Pesquisadores analisaram 136 estudos sobre a influência do aumento do clima em extinções

Efe

17 Outubro 2012 | 10h48

LONDRES - O aquecimento não é o fator da mudança climática que mais influencia na extinção local das espécies, que se veem mais prejudicadas por outros fatores, segundo um estudo publicado nesta terça-feira, 16.

O aquecimento global altera o equilíbrio da natureza, o que, por sua vez, pode provocar o desaparecimento das espécies, mas não existe uma relação direta entre a elevação das temperaturas e a extinção local de seres vivos, explicou John Wiens, da Universidade Stony Brook de Nova York e autor principal do trabalho.

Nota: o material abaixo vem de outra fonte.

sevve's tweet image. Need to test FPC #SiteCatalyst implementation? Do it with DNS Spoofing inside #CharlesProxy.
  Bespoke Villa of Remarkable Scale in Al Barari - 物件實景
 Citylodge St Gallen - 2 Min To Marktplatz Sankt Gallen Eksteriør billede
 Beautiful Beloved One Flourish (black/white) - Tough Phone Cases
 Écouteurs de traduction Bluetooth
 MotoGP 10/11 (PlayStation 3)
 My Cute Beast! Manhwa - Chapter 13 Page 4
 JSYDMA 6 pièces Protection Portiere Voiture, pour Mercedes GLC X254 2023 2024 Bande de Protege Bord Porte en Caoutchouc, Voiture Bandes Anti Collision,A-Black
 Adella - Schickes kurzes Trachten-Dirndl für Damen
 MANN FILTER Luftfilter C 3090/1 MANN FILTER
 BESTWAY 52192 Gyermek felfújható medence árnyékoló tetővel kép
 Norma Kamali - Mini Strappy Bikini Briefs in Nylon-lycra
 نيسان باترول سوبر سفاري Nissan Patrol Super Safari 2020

Esta é a conclusão principal de um artigo publicado pela revista científica britânica Proceedings of the Royal Society B, no qual pesquisadores americanos analisaram os resultados de 136 estudos prévios que sugeriam uma relação direta entre mudança climática e extinção local. No entanto, só puderam identificar uma causa em sete deles, e nenhuma foi devido a um aumento das temperaturas.

Por outro lado, estas extinções poderiam dever-se a uma alteração no equilíbrio entre presas e predadores, a uma diminuição de espécies polinizadoras, à maior propagação de doenças, a dificuldades para acasalar-se ou a outros desequilíbrios de seu habitat provocados por mudanças no regime de chuvas.

"Dúzias de estudos demonstraram que as extinções locais parecem estar associadas à mudança climática. Na maioria dos casos, a causa principal do declive no número de exemplares não foi identificada, o que ressalta quão limitado é nosso conhecimento neste tema crucial", afirmou Wiens.

O especialista ressaltou que estes resultados são, além disso, coerentes com outras sete pesquisas anteriores sobre espécies ameaçadas.